The closing-day statement from the CBCI assembly stated: “No-one should doubt our loyalty or our commitment to the nation,” despite some Hindu nationalists branding Muslims and Christians as foreigners.

The statement included an action-plan to make India’s constitution more widely known in all sectors of church and society, highlighting equality and religious freedom.

The CBCI also made a commitment to make its core activities – the provision of education and healthcare – more affordable to the poor, and more accessible by Dalits, many of whom are Christian, and other oppressed tribal groups.

Meanwhile, the general secretary of the Baptist Churches Council in the north-eastern state of Nagaland has cautioned Christians not to associate with the BJP ahead of state-assembly election day on 27th February.
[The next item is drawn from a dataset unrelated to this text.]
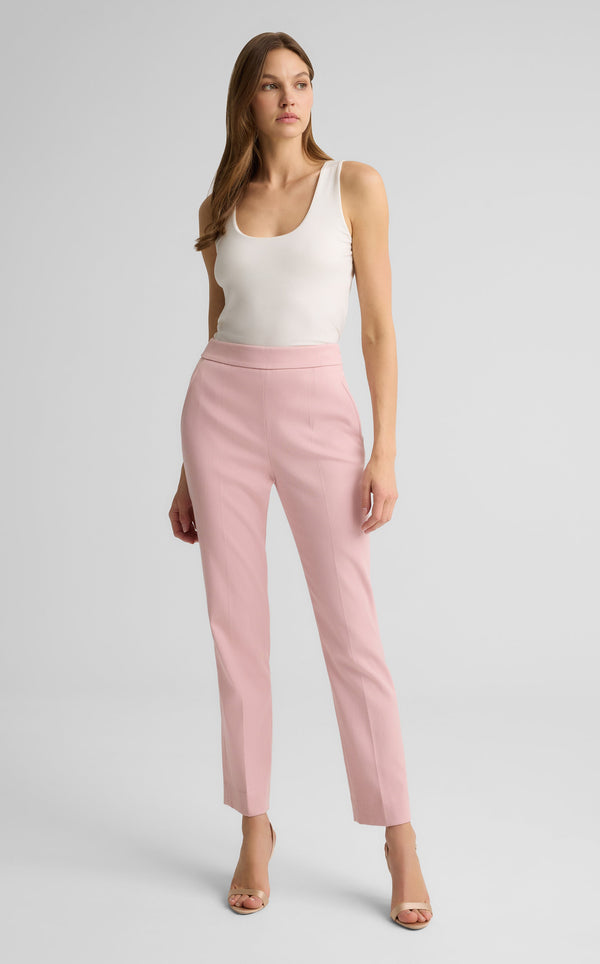 st. john Isabel Pant in Stretch Twill Suiting PINK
In a letter addressed to the mostly Christian leaders of all political parties in the state, Rev Aelhou Keyho advised against surrendering “your Christian principles and, above all, your faith for the sake of money and development”. His letter made an apparent reference to attempts by the BJP to forge an electoral alliance to capture power in Nagaland with the support of Christians, reported Matters India.

Nagaland is one of three Christian-majority states in India. More than 88 per cent of the state’s population registered as Christians in the 2011 census.